Le plaignant déplorait également le fait d’avoir utilisé la famille Varin comme exemple d’acÉriculteurs mécontents. Après examen, le Conseil a considéré que ce choix était, en effet, inapproprié, puisqu’il laissait croire que l’entreprise de ce couple d’acÉriculteurs était, en pratique, assujettie à l’ensemble des contraintes imposées la FPAQ. Le Conseil a donc retenu le grief, également au motif d’inexactitude. Le plaignant a déploré à plusieurs reprises les insinuations présentes dans le reportage de « La Semaine verte », qui auraient créé dans le public une perception négative à l’endroit de son organisme. Après analyse du dossier, le Conseil de presse du Québec en est venu à la conclusion qu’il n’y avait pas de tels manquements dans l’émission en question. Au cours de son analyse du dossier, le Conseil a pu observer un travail de recherche fouillé et une rigueur générale dans tout le reportage examiné. De plus, le point de vue de la Fédération des producteurs acÉricoles du Québec a été largement exposé dans le reportage .

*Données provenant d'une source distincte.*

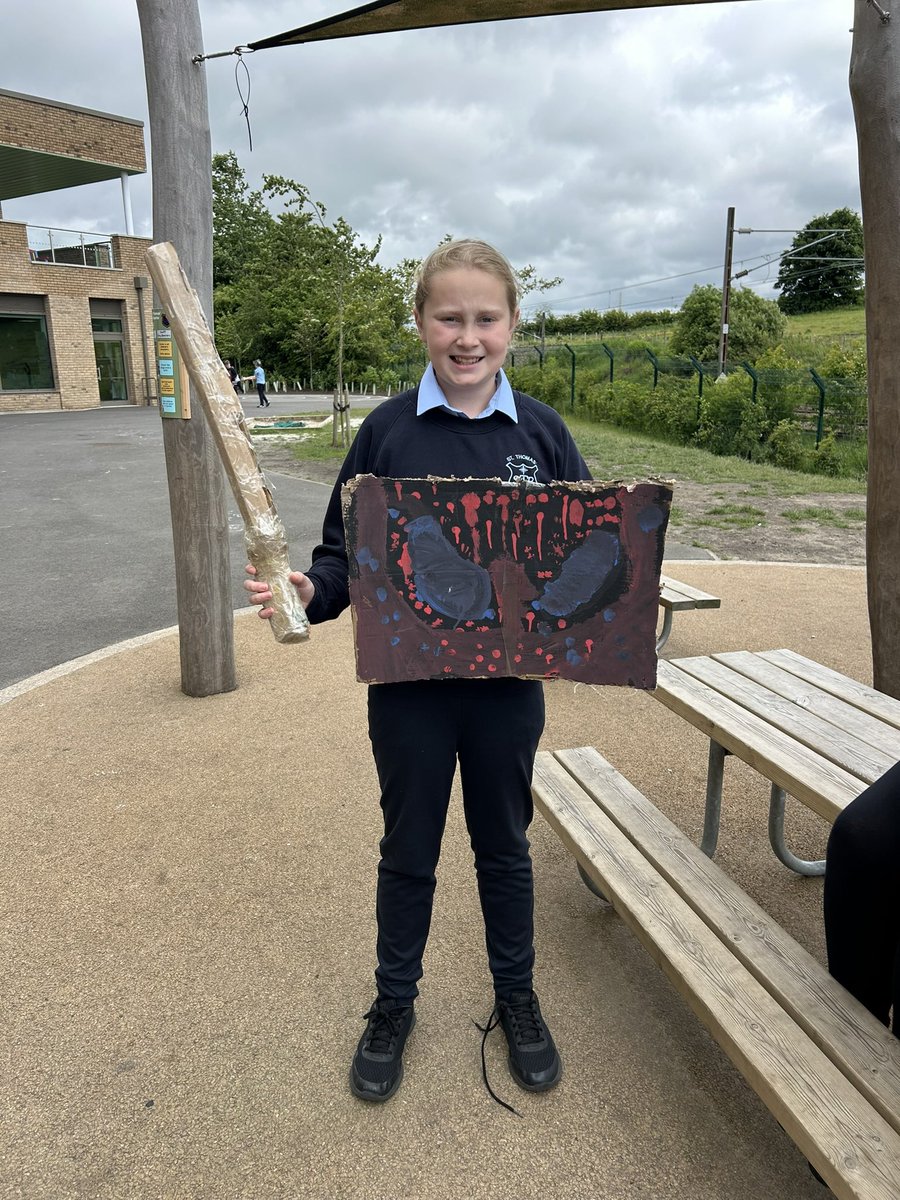 🛡️ P6 designed and created Roman shields, swords, and armour using recycled materials—combining history with sustainability! ♻️🛡️ They developed skills in creativity, teamwork, and problem-solving. #LearningForSustainability #SkillsForLife #Romans (1/2)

Par conséquent, tenant compte des nuances apportées et aux motifs des griefs retenus pour inexactitude, le Conseil de presse retient partiellement la plainte contre l’émission « La Semaine verte » de la Société Radio-Canada , son équipe et sa direction.
Analyse de la décision
- C11B Information inexacte
- C12B Information incomplète
- C15D Manque de vérification
- C15H Insinuations
Date de l’appel
15 May 2007
Appelant
La Fédération des producteurs acÉricoles du Québec et M. Charles-Félix Ross, secrétaire général
Décision en appel
La commission d’appel du Conseil de presse du Québec a étudié l’appel que vous avez interjeté relativement à la décision rendue par le comité des plaintes et de l’éthique de l’information dans le dossier cité en titre.
Après examen, les membres de la commission ont conclu à l’unanimité de maintenir la décision rendue en première instance.
Par conséquent, conformément aux règles de procédure, nous rejetons votre appel et fermons le dossier cité en titre.